Clinical Activity Results: In the Phase 1/2 study, a total of 6 patients with PNH were enrolled in Part C of the trial, including patients who were eculizumab naive (N=3) and patients who were receiving background eculizumab therapy (N=3). ALN-CC5 was administered at weekly doses of 200 or 400 mg for 2 to 16 weeks and achieved C5 knockdown of up to 98 percent and residual serum C5 levels less than 1 microgram per milliliter (mcg/mL). Upon completion of ALN-CC5 dosing and in the setting of ongoing ALN-CC5 pharmacology, investigators elected to treat patients with 600 mg or 900 mg of eculizumab every 4 weeks, enabling an exploratory analysis of the potential of ALN-CC5 to reduce the dose and frequency of eculizumab. As of the data transfer date of October 13, 2016 , results showed that PNH patients who had previously been naive to eculizumab (N=3) achieved sustained control of disease hemolysis with normalization of lactate dehydrogenase (LDH) to less than or at approximately 1.5 times upper limit of normal (ULN) for up to 6 months while on a spared eculizumab regimen of 600 mg every 4 weeks. For patients who entered the study on background eculizumab (N=3), effective disease control with normalization of LDH to less than or at approximately 1.5 times ULN was achieved for up to 5 months while on a spared once-monthly regimen of 900 mg eculizumab. Using an assay for eculizumab plasma levels, both sparing regimens achieved stable eculizumab trough levels greater than 100 mcg/mL during the 5 to 6 month period. In aggregate, these results support the potential to achieve effective management of hemolysis in PNH during ALN-CC5 pharmacology with a spared eculizumab dosing regimen representing a 50 to 67 percent reduction in dose and a 2-fold extension of dose interval relative to the labeled eculizumab maintenance dose and regimen.

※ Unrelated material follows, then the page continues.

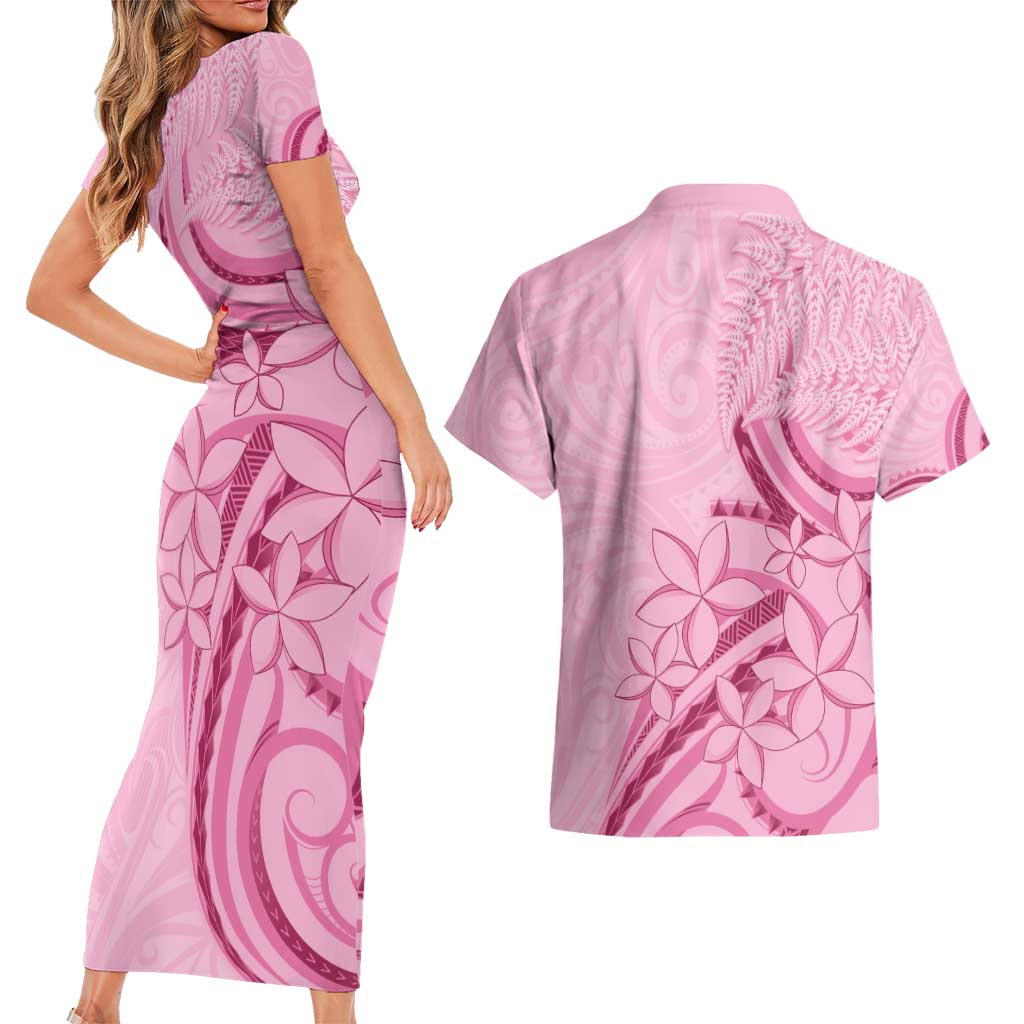 Aotearoa Maori Couples Matching Short Sleeve Bodycon Dress and Hawaiian Shirt Pink Fern Ribbons LT7 - Polynesian Pride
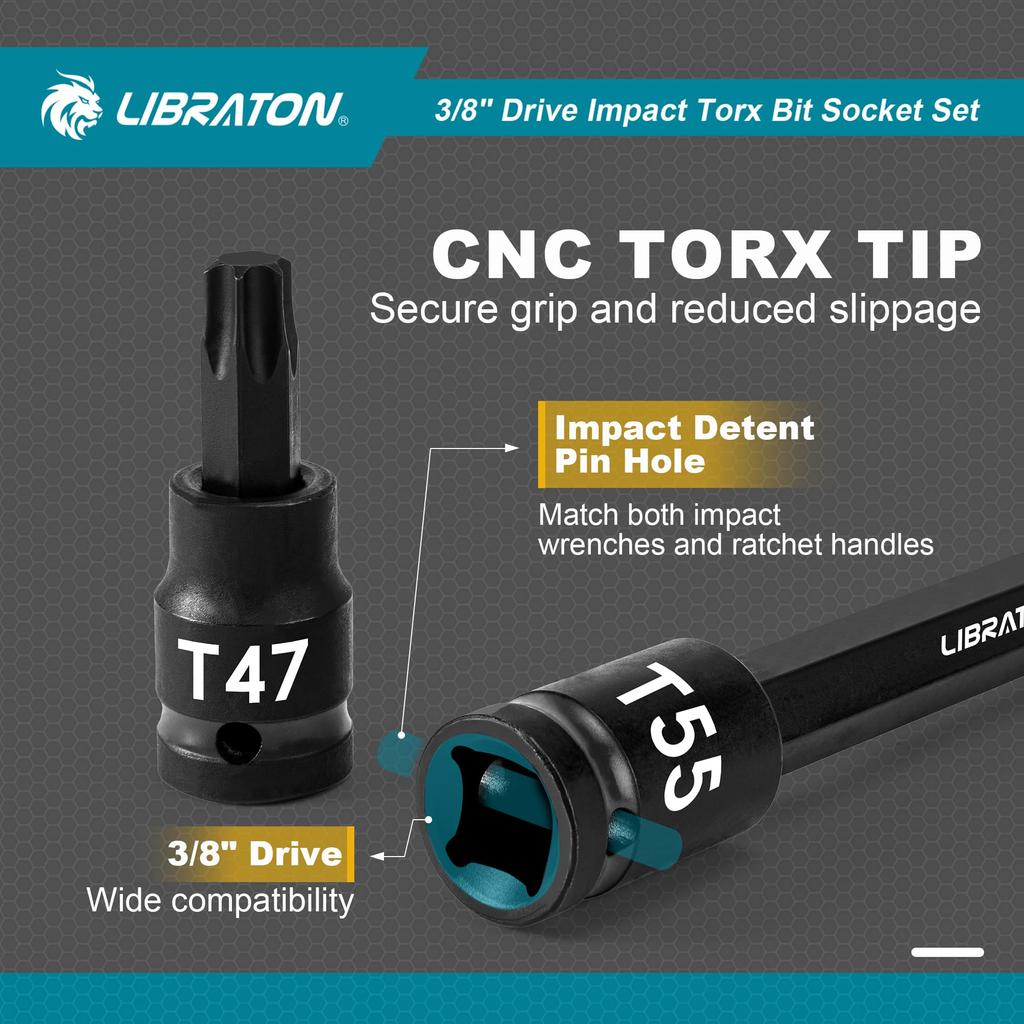 LIBRATON Torx Bit Socket Set, 3/8 inch (9.5 mm) Drive, S2 Steel, Star Bit Socket Set, T10-T60, Impact Torx Socket Set, 24-Piece Set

Safety Results: As previously reported, ALN-CC5 was generally well tolerated in patients with PNH after multiple doses for up to 16 weeks of dosing. During the course of spared eculizumab dosing, as of the data transfer date of October 13, 2016 , there were no serious adverse events (SAEs) or discontinuations due to adverse events (AEs) in the study, and the majority of reported AEs were mild or moderate in severity. One patient developed an episode of breakthrough hemolysis in the setting of an upper respiratory tract infection; this AE was moderate in severity and was considered unrelated to study drug by the investigator.
Alnylam Pharmaceuticals also announced that Sanofi Genzyme has decided not to exercise its opt-in right for the development of ALN-CC5 in territories outside of the United States , Canada and Western Europe , providing Alnylam with full global control of the program for further development and potential commercialization.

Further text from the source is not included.